The Nullification Crises began in the 1820s and continued for a decade when John C. Calhoun, having resigned as Jackson’s Vice President, argued that South Carolina would choose which federal laws to obey and nullify others. He ever referred to secession. Jackson feared that the state(s) would destroy the union.
At the time Russia in the Pacific Northwest from Alaska to Washington along with the British from Oregon to Quebec in the north, and the Spanish and French in Mexico and the Caribbean surrounded the United States and in his eyes conspired against the continuation of the union. Predators all. Enemies with and without the gates.
The nullification crises was precipitated by an international agreement signed by the Federal Government that permitted seamen to have the freedom of the city while in port. That meant blacks on English, French, Dutch, Portuguese, Spanish, and other merchant ships could walk the streets of Charleston as free men.
South Carolina objected and then overruled this agreement by jailing any black sailors who set foot ashore while their ship was in port! That action breached an international treaty duly ratified by the Senate and signed by the president of the United States.
The South Carolina justification was that free blacks would by example produce unrest in slaves, might foment slave rebellion, assault white women because they have no civilised control, would be used by the English to destabilise and divide the States….. And the sky would also fall.
Jackson had a constant battle with the Bank of the United States to support local improvements, like roads and bridges. What we call today infrastructure loans to states, counties, towns, etc. The Bank had no interest in bridges over rivers in Tennessee or hard roads in Georgia.
The tariff added, it was claimed, 40% to the price of goods consumed in the south and produced in the north behind tariff walls. The tariff gets tied up with states’ rights, along with slavery, as part of the dominance of the union by northern interests. Ergo to a Calhoun, abolition is a smoke screen to dominate the south and keep the tariff, and the Bank.
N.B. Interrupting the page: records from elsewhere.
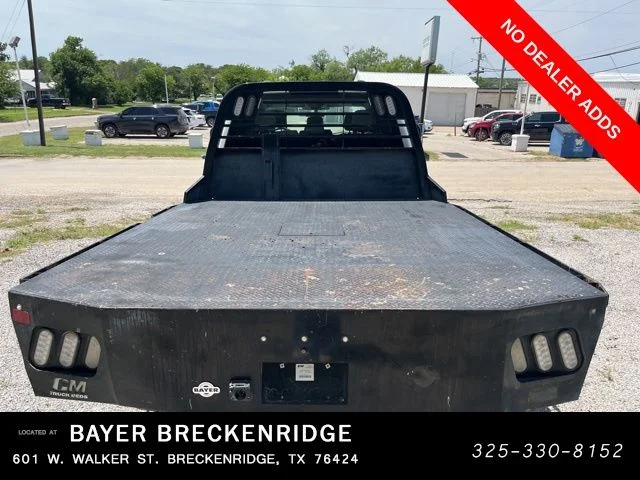 2022 Ford F-350 Super Duty Chassis Cab XL - Photo 10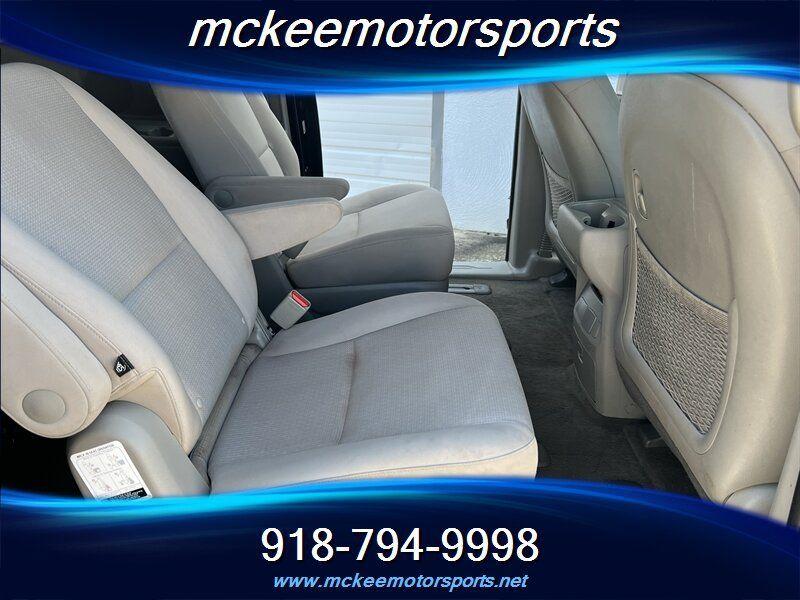 Used 2016 Kia Sedona L FWD image 11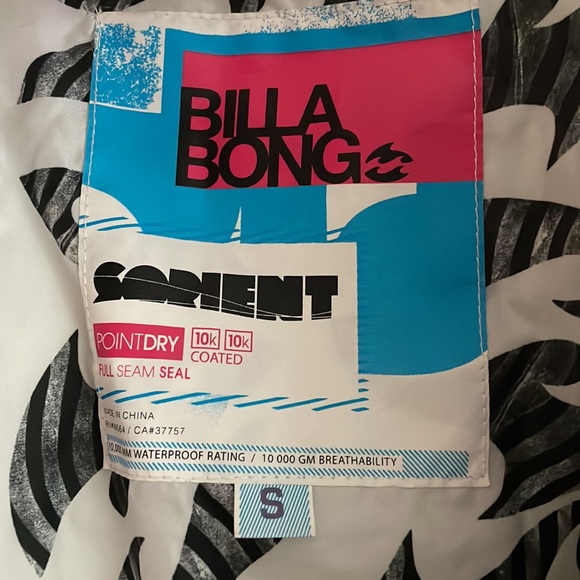 Billabong Snowboarding Jacket - Picture 5 of 8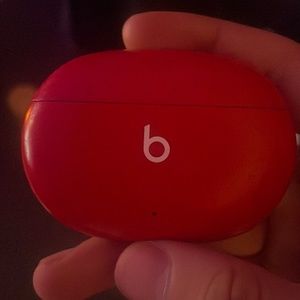 BEATS BY DRE AIR PODS ‼️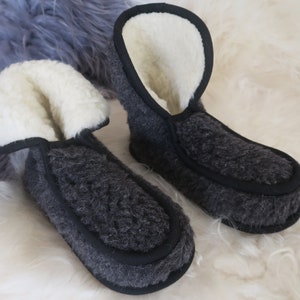 Pantoufles en laine de mouton pure laine mérinos pour femmes/hommes/bottes en peau de mouton pour femmes - Semelle antidérapante - Cadeau de Noël et d'anniversaire SecretSanta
Then there was the Petticoat War between his niece in-law Emily and the wife of cabinet secretary Talbot. Emily was determined to show Washington DC snobs that she, from the wild frontier of Tennessee, adheres to the highest standards of propriety and so will not receive Mrs. Talbot, who wed Talbot before her divorce from her previous husband was known to her to be concluded. Moreover, Mrs. Talbot came to the Talbot marriage with a dubious reputation. (But nothing worse than had been said about Rachel Jackson.) So Mrs. Talbot was three times over not to be received: bad reputation, divorcee, and bigamist.
Emily was the wife of Andrew Jackson Donelson, who was Jackson confidante and private secretary, and an ersatz son to him. Jackson likewise was a kindly patron to Emily until the Petticoat War became the talk of that small town on the Potomac.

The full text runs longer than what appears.